As a prerequisite, ensure that you are able to successfully login into the remote server with SSH Key or with a password. In the below code, I am copying a certificate file to a remote server and copying back the same file to the local folder with a different file name.
Basic SCP Command
The below command would request the password of the username included as part of the destination target.
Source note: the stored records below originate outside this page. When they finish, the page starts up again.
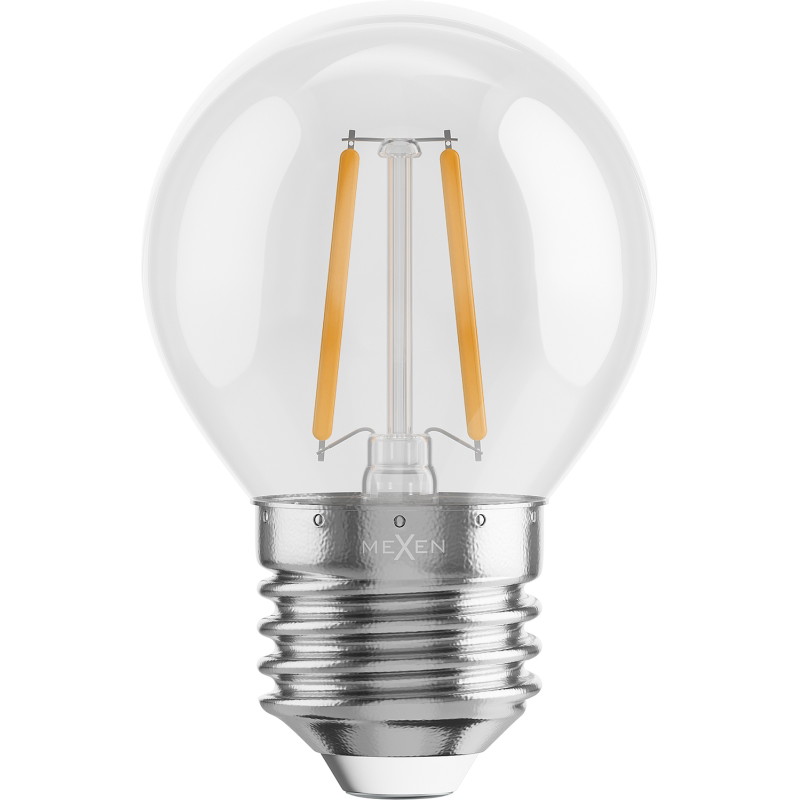 Mexen Vintis 10x LED-Filamentlampe E27, G45, 2W, Warm - 2700K, 240 lm, klar - L156-E14-0227-00x10 - L156-E27-0227-00x10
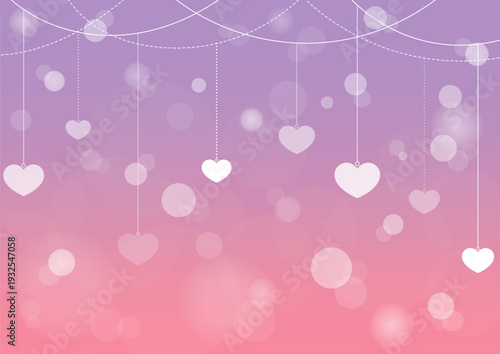 Purple Gradient Wallpaper Background Decorated With Love Lights And Sparkling Ornaments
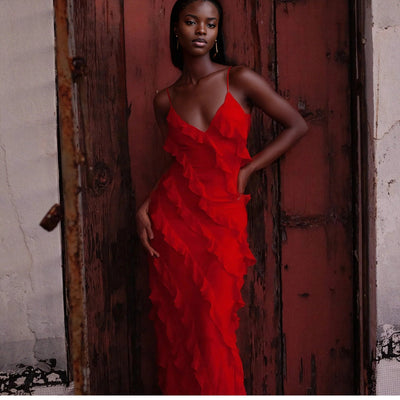 Violeta™ - Elegant Long Dress with Ruffles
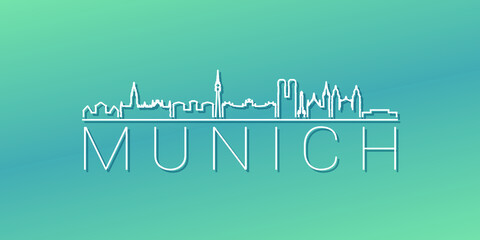 Naklejka premium Munich, Germany Skyline Linear Design. Flat City Illustration Minimal Clip Art. Background Gradient Travel Vector Icon.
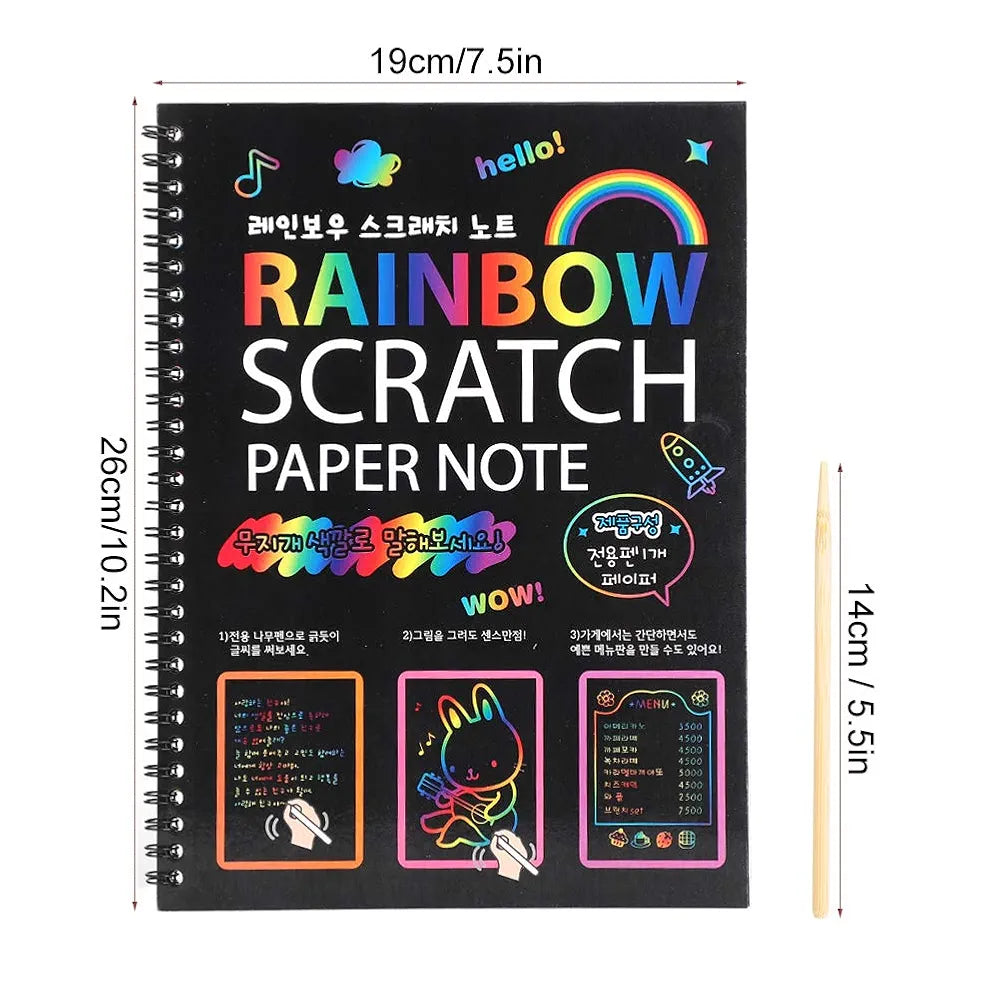 Rainbow Scratch Paper Note Pad Magic Doodle Notebook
On successful authentication, the file can be moved to or from the remote Linux server.
# scp [src file] [userid]@[remote-server]:[dest folder/file]
$ scp ./.certs/ngx.lan-key.pem ar@10.10.30.5:/home/ar/.certs
$ scp ar@10.10.30.6:/home/ar/.certs/ngx.lan.pem ./lnx.pem
Other Common SCP Options
In the below code, let us see how to assign an SSH key for authentication and also connect to a remote server running SSH-Server in a non-standard port ( other than port 22 )
# scp -i [ssh key] [src file] [userid]@[remote-server]:[dest folder/file]
$ scp -i ~/.ssh/srv_id_rsa ./.certs/ngx.lan-key.pem ar@10.10.30.5:/home/ar/.certs
# If SSH server is running at port 33 in server
$ scp -P 33 -i ~/.ssh/srv_id_rsa ./.certs/ngx.lan-key.pem ar@10.10.30.5:/home/ar/.certs
Recursively Copy Folders With SCP
-r
allows to recursively copy the folder and its content and -p
allows to preserve the file attributes.